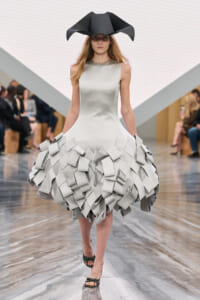Model on a runway wearing a silver sleeveless gown with a voluminous skirt made of stacked rectangular panels and a large black sculptural hat.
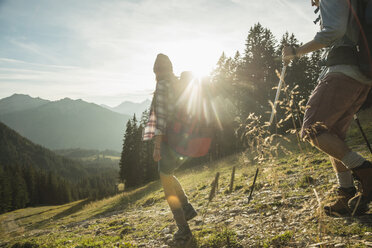 Austria, Tyrol, Tannheimer Tal, young couple hiking in sunlight on alpine meadow - UUF002210
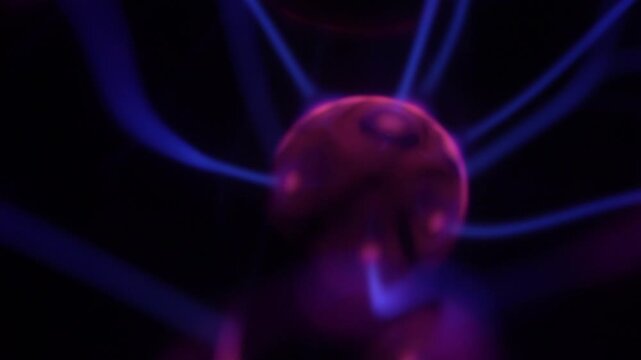 A close-up of a plasma ball coil that creates energy beams in shades of purple.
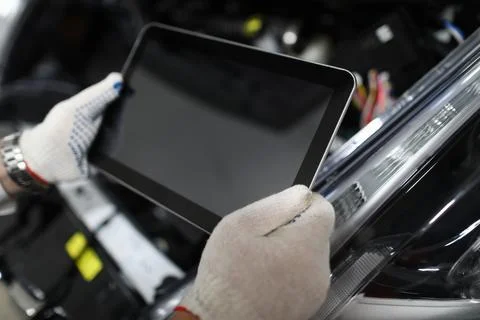 Master locksmith holds tablet open car hood Stock Photos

====

- WORK REQUIRED
Copy out exactly, without any pictures, the lines above that begin at the one with "Austria, Tyrol, Tannheimer" and end at the last line of the listing.

- TASK SOLUTION
 Austria, Tyrol, Tannheimer Tal, young couple hiking in sunlight on alpine meadow - UUF002210
 A close-up of a plasma ball coil that creates energy beams in shades of purple.
 Master locksmith holds tablet open car hood Stock Photos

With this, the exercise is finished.